国を蹴った男 (講談社文庫 い 124-7)
国を蹴った男 (講談社文庫 い 124-7) / 感想・レビュー
三代目 びあだいまおう
とても好きです。戦国時代の短編集で、有名な武将の物語ではなく、歴史にあまり名前の出てこない人物達の非運を描いています。時代の価値観、権謀術数に翻弄されながら死んでいった者達の悲哀。時に痛快で、時にもの悲しい心の襞を、史実に忠実か否かなど全く気にならない程面白く描かれています。

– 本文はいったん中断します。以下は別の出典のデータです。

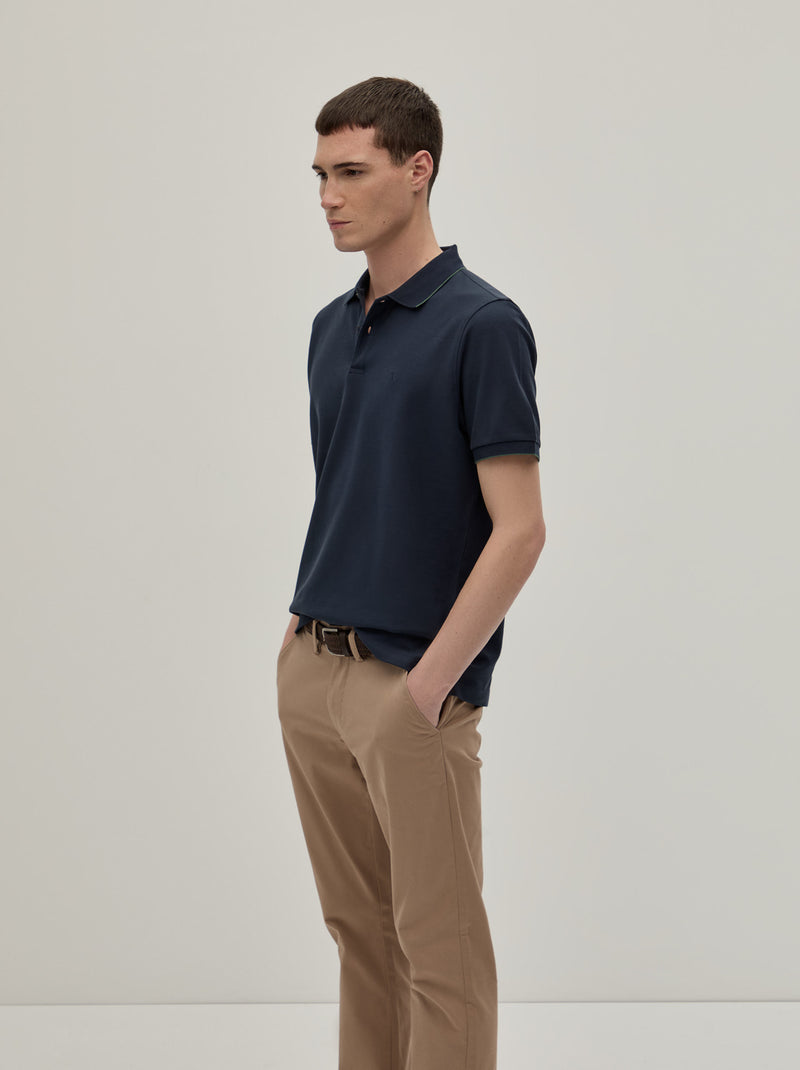Polo piqué regular fit com risca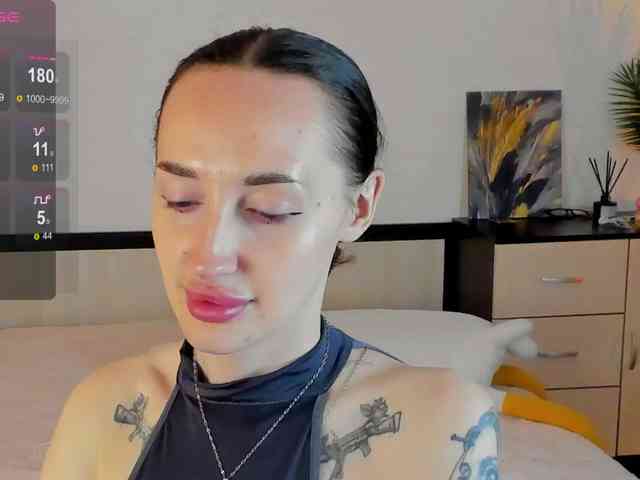 KellyJacksoon webcam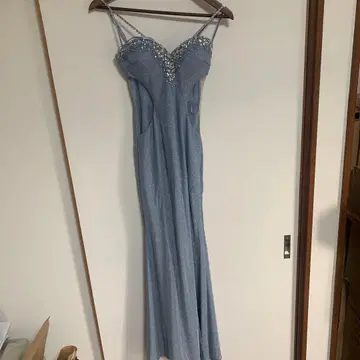 JEWELS 라이트 블루 맥시 드레스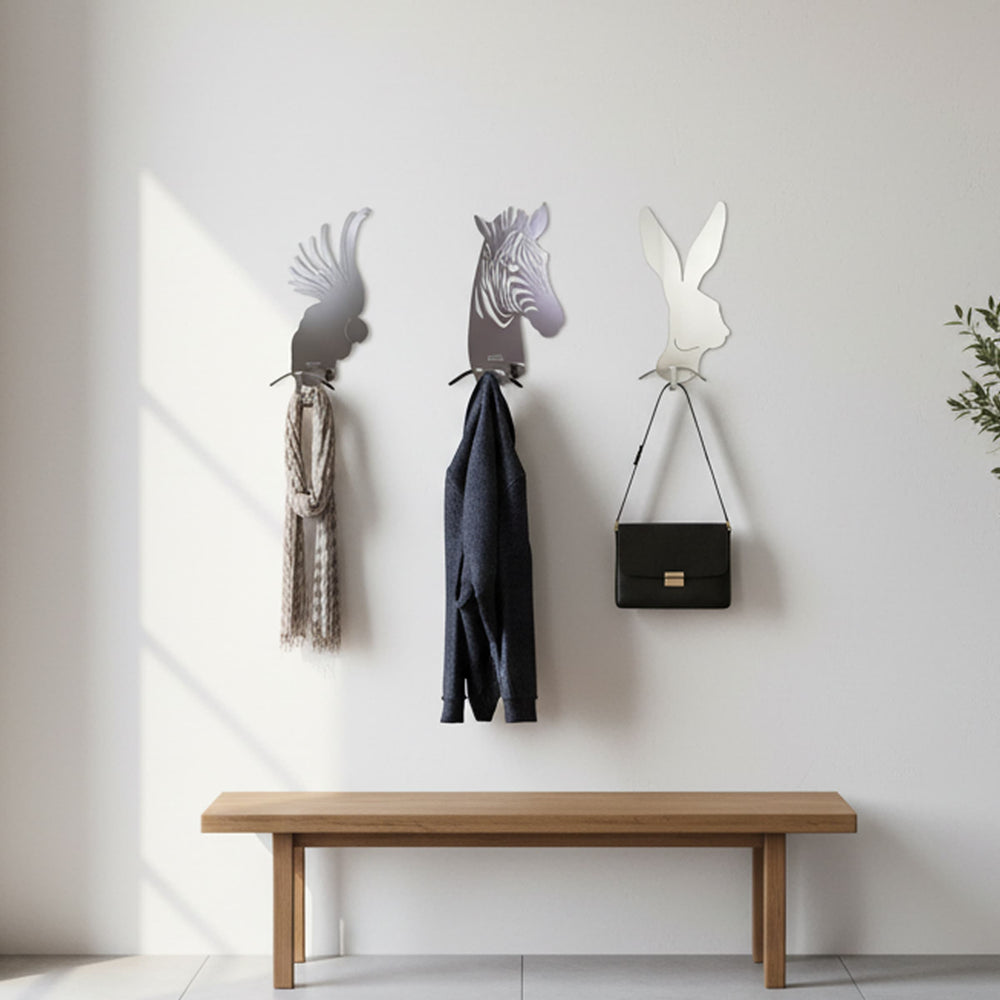 Wall-Mounted-Clothes-Hanger-CACCIA_GROSSA-Lettera_G-2400x2400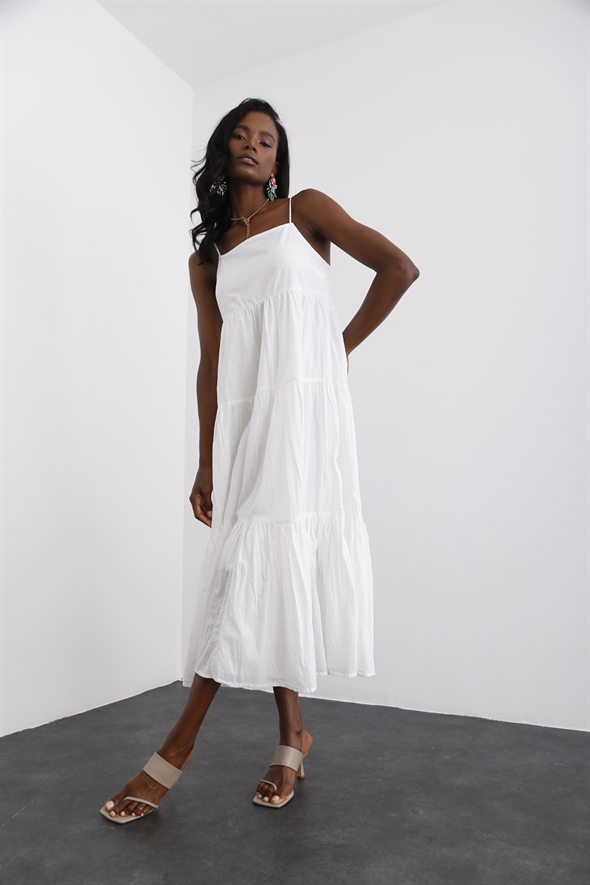 Beyaz Spagetti Askılı Katlı Elbise 3818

それぞれが「生きている」という息吹、その辺りが上手いですね。特に響き、衝撃的に印象が残ったのは、かの直江兼続に対する嫌悪感と、前田利家の妻「まつ」に対する女の怖さです!6編全てで『小説家の類まれなる創作センス』を堪能できる秀作‼️🙇
2020/07/16
しんごろ
短編集ですが、どの話も素晴らしい。それぞれの主人公は、決して教科書に載るような存在ではないけれど、義に生きる者、信念を貫く者、それぞれが結果的に、敗れざる者達ではあるが、その生き様はどの男達も、誇り高い“漢”だった。表題作はもちろん、全てがよかったが、とくに目を見張ったのは『天に唾して』の山上宗二の話。信念を貫き通した生き様に、心を躍らされました。
2020/01/06
yoshida
伊東潤さんは初読みの作家さんです。比較的マイナーな人物を主人公にした短編6編を集録。私は歴史物が好きで楽しく読めました。「牢人大将」では那波無理之介を主人公に、武田家牢人衆の活躍と長篠合戦での滅亡を描く。まず、那波無理之介を主人公にした着眼点に痺れますね。無理之介はどこかの合戦で慎重策をとったら「道理之介と名を変えよ」と朋輩に云われた事を思い出し、印象深かったです。山上宗二や佐久間盛政など、敗者の側から反骨心を見せる姿が清々しかった。小早川秀秋が暗愚というより少才子として描かれており斬新。他作も読みたい。
2016/11/24
遥かなる想い
戦国時代の著名な武将の陰で生きた者たちの短編集である。武田家牢人衆、長束正家、直江兼続、佐久間盛政、茶人 山上宗二、今川氏真… 個々のエピソードが新鮮で 面白い。 特に表題作の今川氏真の蹴鞠と歌人としての人生は 秀逸で、今川家という 大大名でありながら、文化人として 生きたかった別の側面が 爽快に描かれている。
2022/02/10
Rin
初読み作家さんだったけれど、とても楽しめた。もともと歴史ものをあまり読まない私でも、登場人物たちにぐんぐんと引き寄せられる。実在した人たち、彼らの生きた時代は今とは価値観も異なる部分があって。こうありたい、という自分のままに生きることができた人から。そうできなかった人、思うがまま生きるための決断。生きるということと、死を選ぶこと。その決断に至るまでの物語に引き寄せられた。特に牢人であり続けた「牢人大将」算術に優れた男と、彼を使う男「戦は算術に候」鞠に魅了された男を描く「国を蹴った男」がよかったです。